Task brief: Please copy exactly the part of the records below that opens with the line containing "Mochila casual tela" and closes with the line containing "Immaculately tailored with", leaving out any pictures.

Working data:
»»
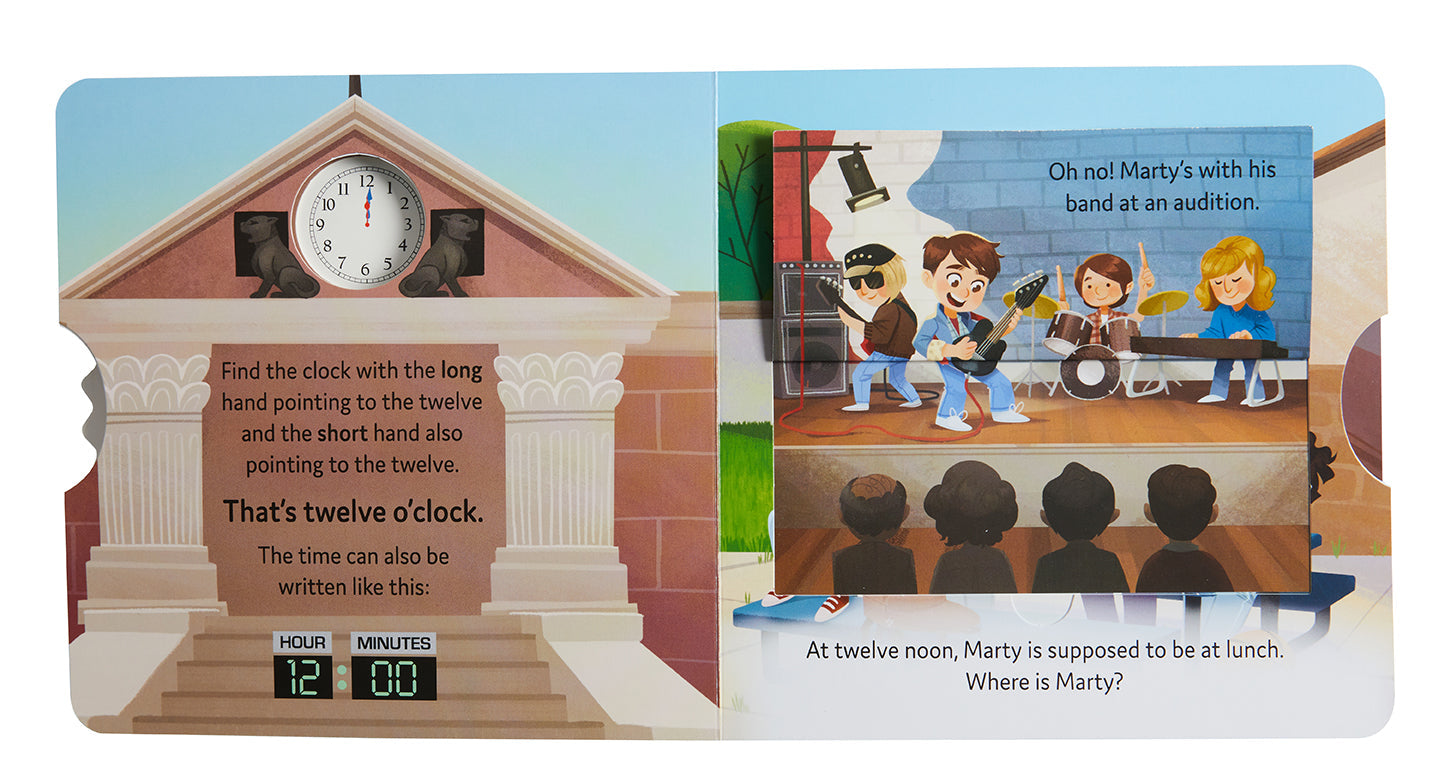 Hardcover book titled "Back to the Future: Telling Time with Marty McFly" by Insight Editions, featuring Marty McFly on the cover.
««
»»
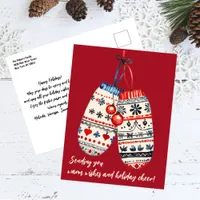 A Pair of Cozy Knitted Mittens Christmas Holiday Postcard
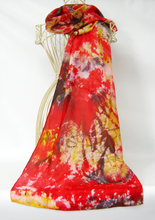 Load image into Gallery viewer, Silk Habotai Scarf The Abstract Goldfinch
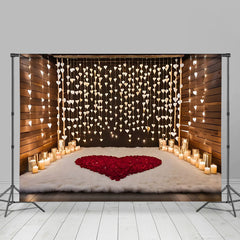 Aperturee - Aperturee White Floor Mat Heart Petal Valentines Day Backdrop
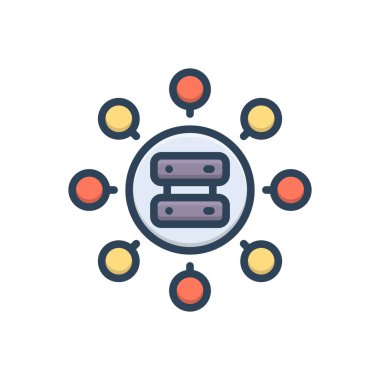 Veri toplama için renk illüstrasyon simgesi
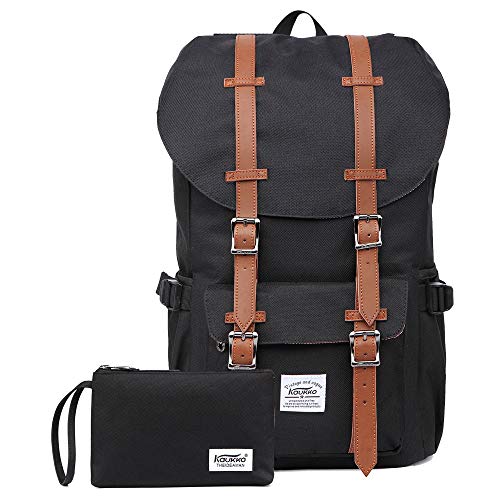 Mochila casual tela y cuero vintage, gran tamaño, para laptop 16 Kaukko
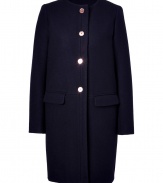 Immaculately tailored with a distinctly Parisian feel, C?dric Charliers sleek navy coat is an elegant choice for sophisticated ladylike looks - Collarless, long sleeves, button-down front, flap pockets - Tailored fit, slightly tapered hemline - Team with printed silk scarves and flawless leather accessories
««
»»
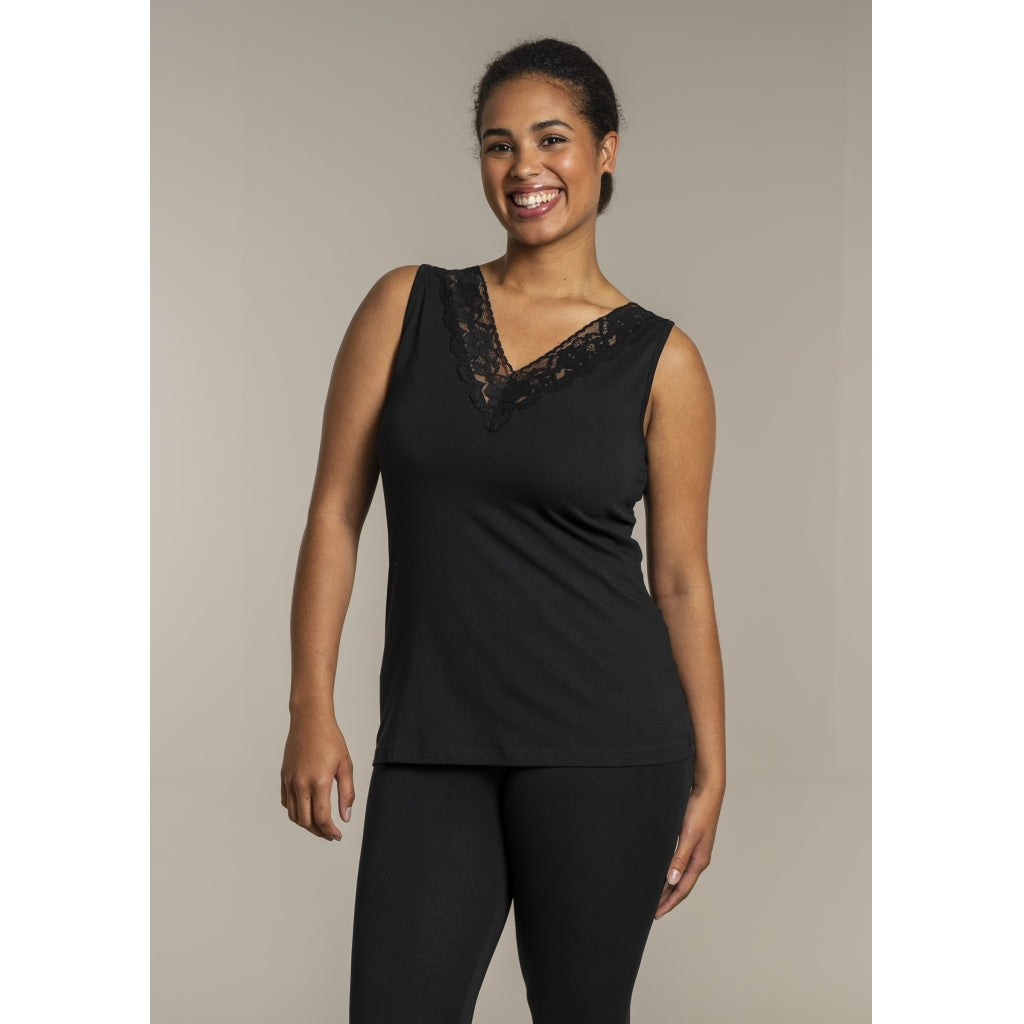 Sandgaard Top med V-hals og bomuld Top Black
««
Finished exercise:
 Mochila casual tela y cuero vintage, gran tamaño, para laptop 16 Kaukko
 Immaculately tailored with a distinctly Parisian feel, C?dric Charliers sleek navy coat is an elegant choice for sophisticated ladylike looks - Collarless, long sleeves, button-down front, flap pockets - Tailored fit, slightly tapered hemline - Team with printed silk scarves and flawless leather accessories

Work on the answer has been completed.